With the pictures left out, restate exactly the part below that opens with the line containing "Yeezy 700 utility" and closes with the line containing "2 Ohuirehe Road Coastlands_34".

[Raw data Boundary: Start]

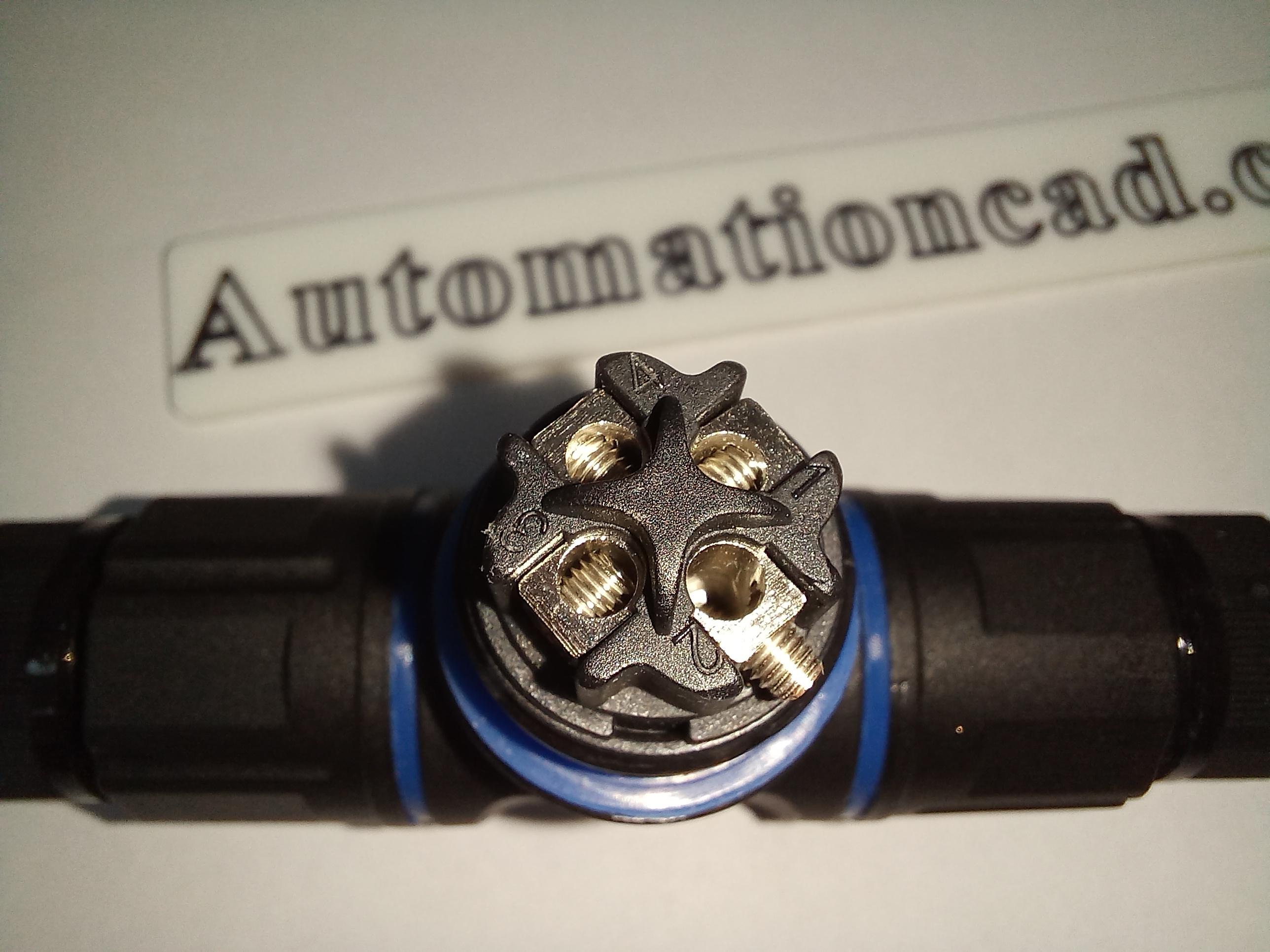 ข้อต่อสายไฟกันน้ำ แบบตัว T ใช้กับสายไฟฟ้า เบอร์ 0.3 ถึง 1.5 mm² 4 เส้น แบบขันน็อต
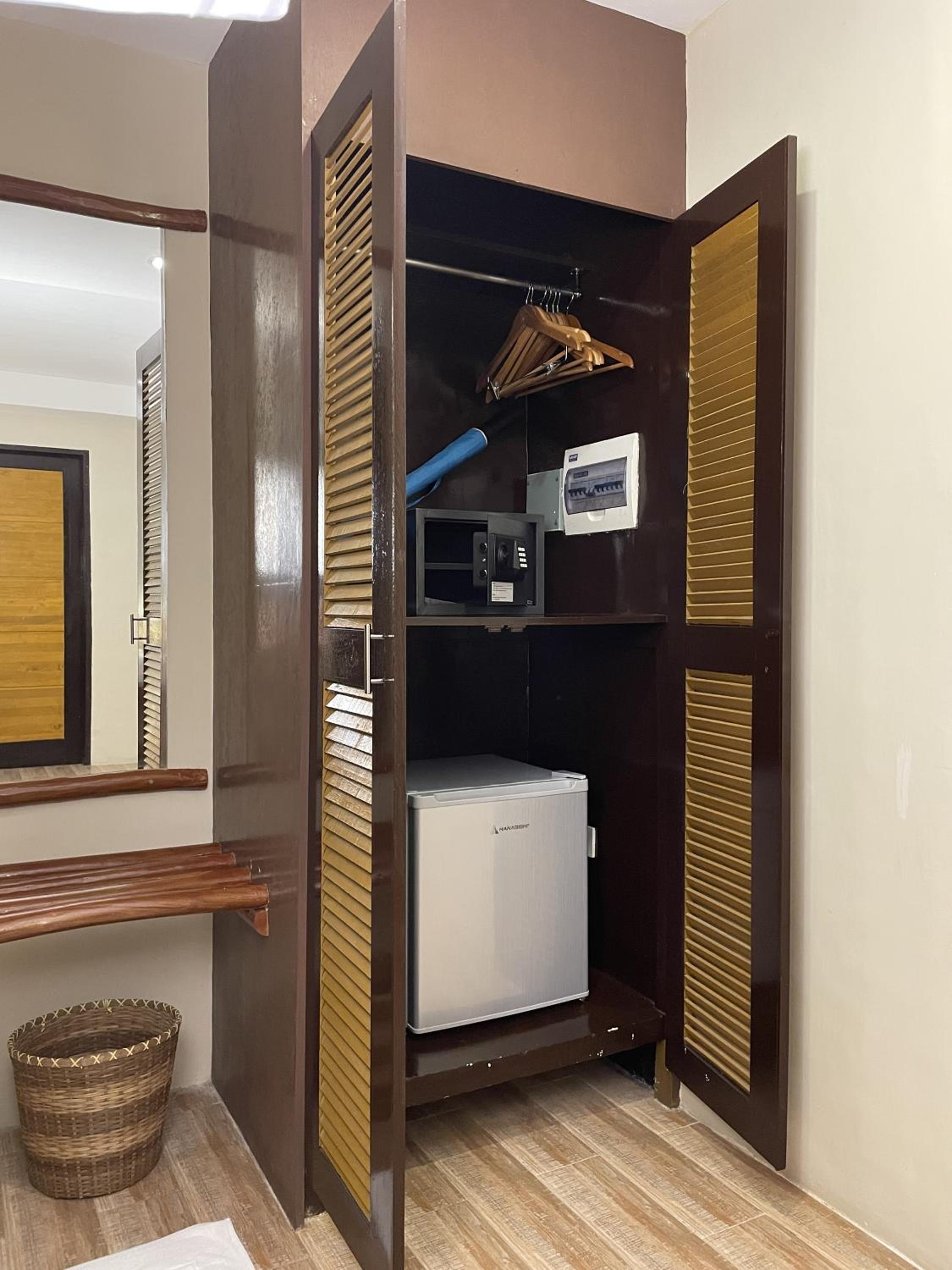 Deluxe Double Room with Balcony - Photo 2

[Raw data Boundary: End]
[Raw data Boundary: Start]

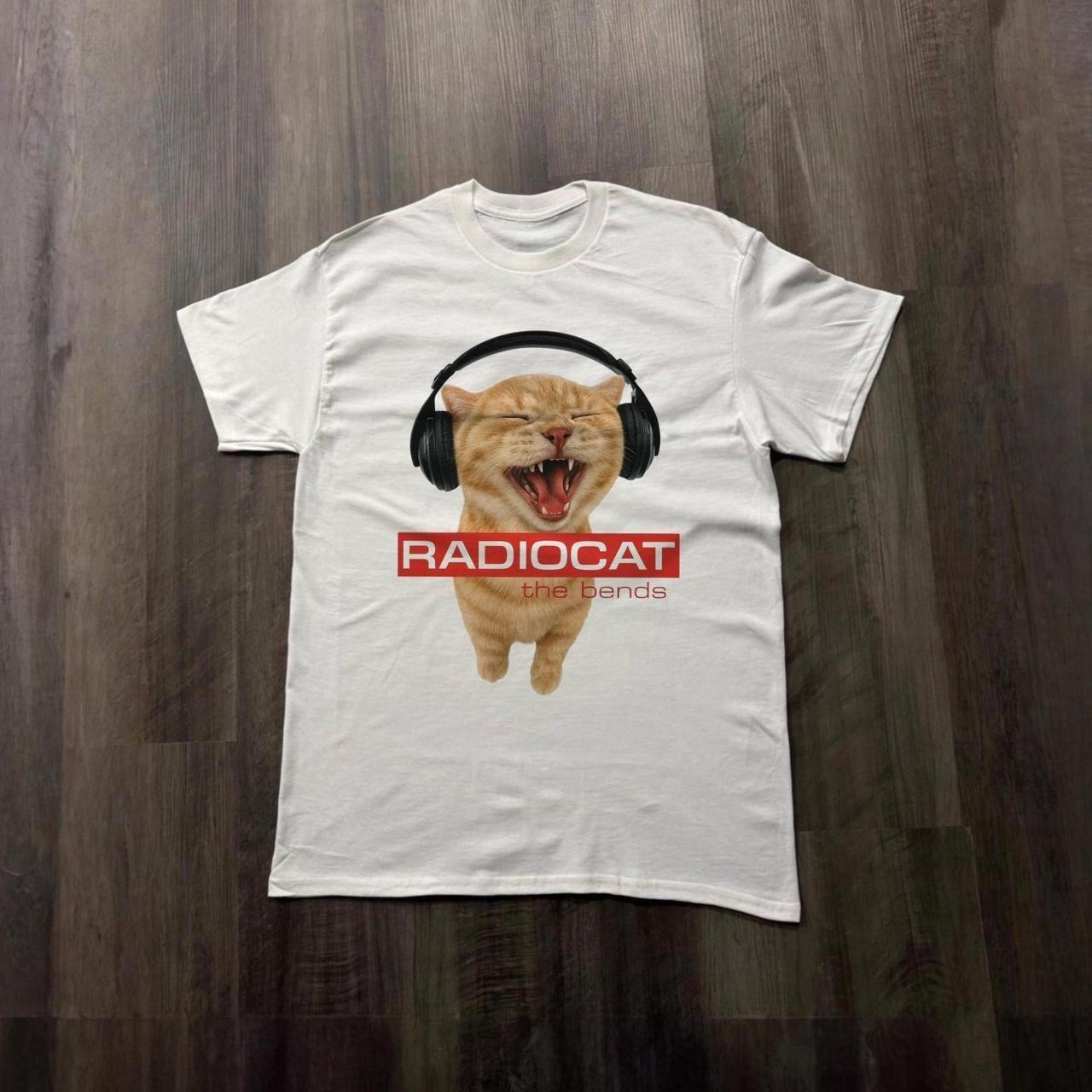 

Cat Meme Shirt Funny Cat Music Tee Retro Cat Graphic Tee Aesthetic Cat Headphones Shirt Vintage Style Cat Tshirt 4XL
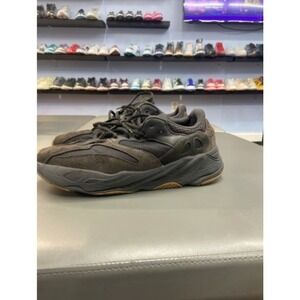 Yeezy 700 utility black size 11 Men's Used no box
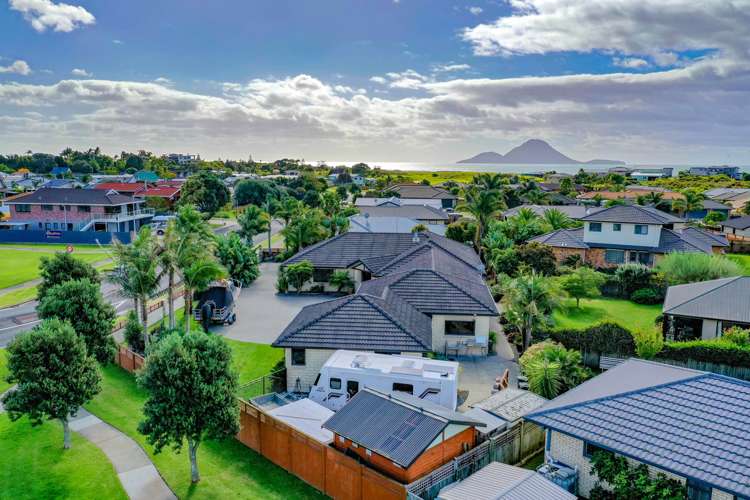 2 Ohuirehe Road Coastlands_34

[Raw data Boundary: End]

[Written reply]:
 Yeezy 700 utility black size 11 Men's Used no box
 2 Ohuirehe Road Coastlands_34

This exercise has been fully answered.